The scarves, native to the Middle East, have become ubiquitous in the United States again, showing up on the necks of celebrities such as Chris Brown and in mall stores such as Forever 21. But the wraps are also loaded with political baggage - or at least, they used to be.
"I just got mine because it was warm, and it looked all right," said Derek Fredrick, a freshman at Elizabeth City State University. In his hometown of Flatbush, Brooklyn, many of his peers had incorporated their keffiyehs into '80s hip-hop homage looks complete with Kangols and Gazelle glasses. He had a hunch that the scarf he bought from a vendor for $8 was from Israel, but "I didn't look it up or anything."
If he had, he might have discovered a lengthy history on the wrap. At various times it has signaled anti-war sentiments, solidarity with Palestinians and, in a story in the Los Angeles Times in 2006, "terrorist chic."
The scarves, traditionally worn by Arabs needing protection from the elements, had mostly a benign meaning until the 1960s. Some Americans wore them to advertise that they were against Vietnam. And they became symbols of Palestinian solidarity, particularly when the late Palestinian leader Yasser Arafat wore his draped over his shoulder in the rough shape of his homeland. That imagery, for some observers, linked the garment with political unrest.
"There was a possible connection one would make between terrorism and that item," said Rabbi Israel Zoberman, of Congregation Beth Chaverim of Virginia Beach, who bought a keffiyeh on a trip to Jordan decades ago. "Today with the threat of terrorism and radical Islam, that can create a subtext or false assumption."
The scarves have become the new version of the Che Guevara T-shirts everyone was wearing in the late 1990s, celebrating the revolutionary who fought alongside Fidel Castro to seize power in Cuba in the late 1950s. It's clothing that, for some people, triggers intense feelings; for others, it symbolizes counterculture cool for reasons they are not entirely clear about.
"It tells a story about you," said Nichole Williams, an Old Dominion University senior who bought her statement of what she called "creativity, originality and out-of-the-box thinking" from For Love 21, the accessories branch of Forever 21, which owns 391 stores in the U.S. and Canada. Forever 21 has a store at MacArthur Center, and For Love 21 is at MacArthur and Lynnhaven malls. "Some say they originate back to Africa," she said, sort of correctly, before adding, "the Hinduism culture, even the Asian culture."
She had not heard the word keffiyeh. "We just call them scarves. Some people call them bandana - as long as they have those little frillies on the end."
Some people know exactly what the scarves mean. Students at Columbia University wore keffiyehs en masse to graduation in 2002, to show solidarity with Palestine. Actor Colin Farrell wore one to the premiere of a pro-Palestinian film and was mocked and criticized online, where some vented open disdain for clueless hipsters or worse, people they feel are being deliberately anti-Semitic.
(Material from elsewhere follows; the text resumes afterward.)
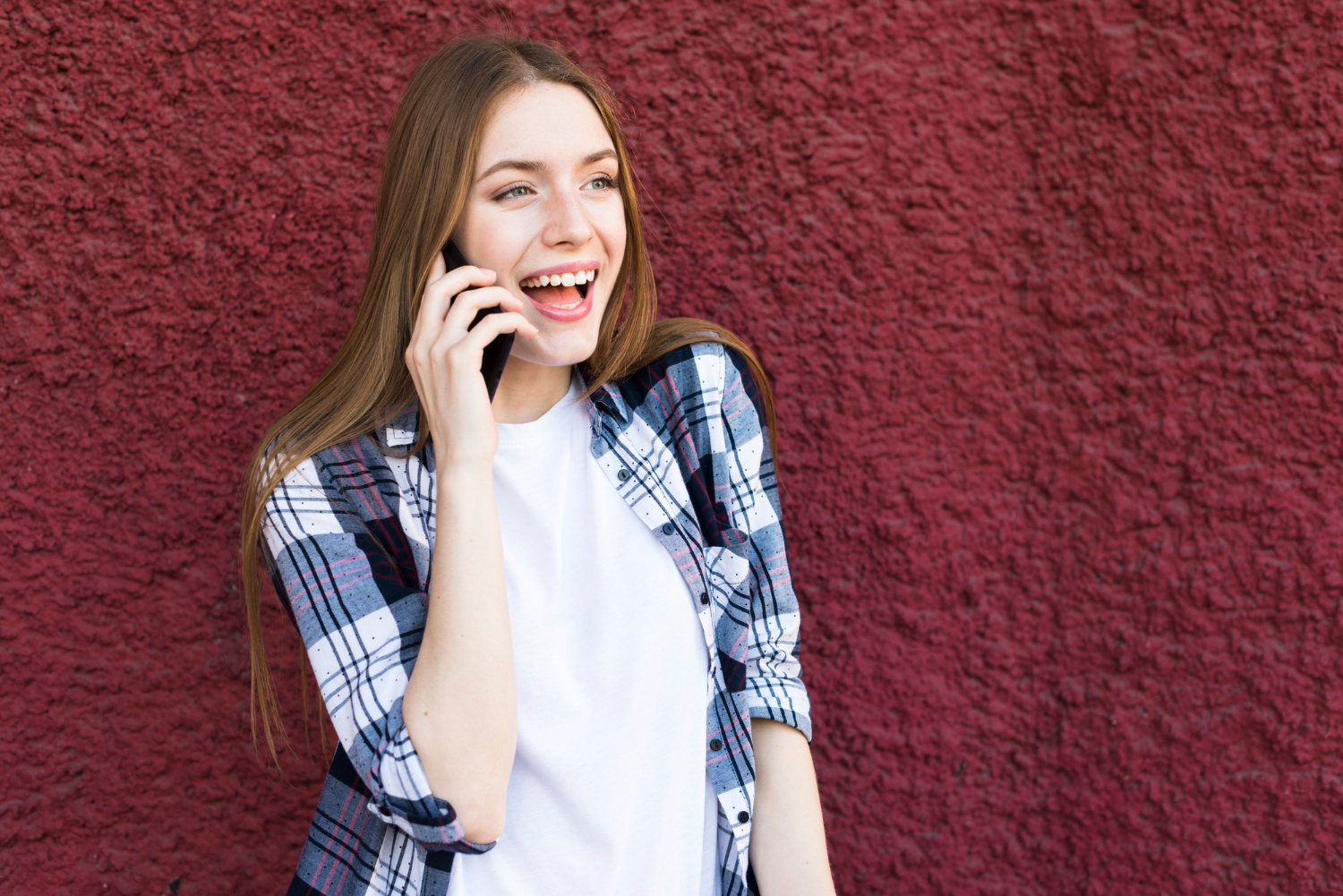 A cheerful woman talking on the phone | Source: Freepik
It was those kinds of complaints that prompted Urban Outfitters to remove the scarves from store shelves in 2007.
Zoberman said no one should make assumptions about someone wearing one, though.
"I would caution people not to connect to anything negative with it," he said. He does not wear the keffiyeh he bought years ago. "We live at a time when clothes might reflect political attitudes, but you really have to talk to a person to verify the intent behind it. On the one hand, it's a symbol, but it's also just a piece of clothing."
That's just what it is for Williams and many others who wear them. Almost any outfit can get a jolt from the scarves' clashing patterns. And the exoticism of the "little frillies" can't be underestimated.
"It doesn't have to match, just coordinate," Williams said. Added her friend Amber Worrell, also an ODU student, "You can really do it with any scarf. It just has to be a square shape."